Sejak kepulangan mereka dari Nagoya hari itu, mereka sangat dekat. Semua perhatian yang Aldy berikan benar-benar membuatnya meleleh. Meskipun Erika menceritakan semua tentang dirinya, tapi tidak dengan Aldy. Dia begitu tertutup jika mengenai kehidupan pribadinya.
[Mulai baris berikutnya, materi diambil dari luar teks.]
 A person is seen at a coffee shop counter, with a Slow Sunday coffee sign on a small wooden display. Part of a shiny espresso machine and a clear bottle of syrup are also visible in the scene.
Hingga terkadang hal itu yang membuat Erika merasa seperti ada pembatas di antara mereka.
Bolehkan aku berharap lebih dari sekedar sahabat? Apakah dia mempunyai perasaan yang sama denganku?
Kata-kata itu selalu muncul dibenaknya ketika ia bersama pria itu. Sulit rasanya menepis rasa bahwa dirinya telah jatuh hati padanya.
"Kau melamun?" Suara Aldy membuyarkan lamunan Erika. Dia menggeleng dan tersenyum.
"Aku sholat dulu ya!" Tanpa menunggu jawaban ia menuju toilet untuk berwudu. Kemudian melaksanakan kewajibannya sebagai seorang muslim di pojok ruangan itu. Setelah 20 menit Aldi selesai dengan ibadahnya dan mendekati Erika. Ia menyentuh kening Erika lg.
"Kamu punya termometer?" tanyanya kemudian.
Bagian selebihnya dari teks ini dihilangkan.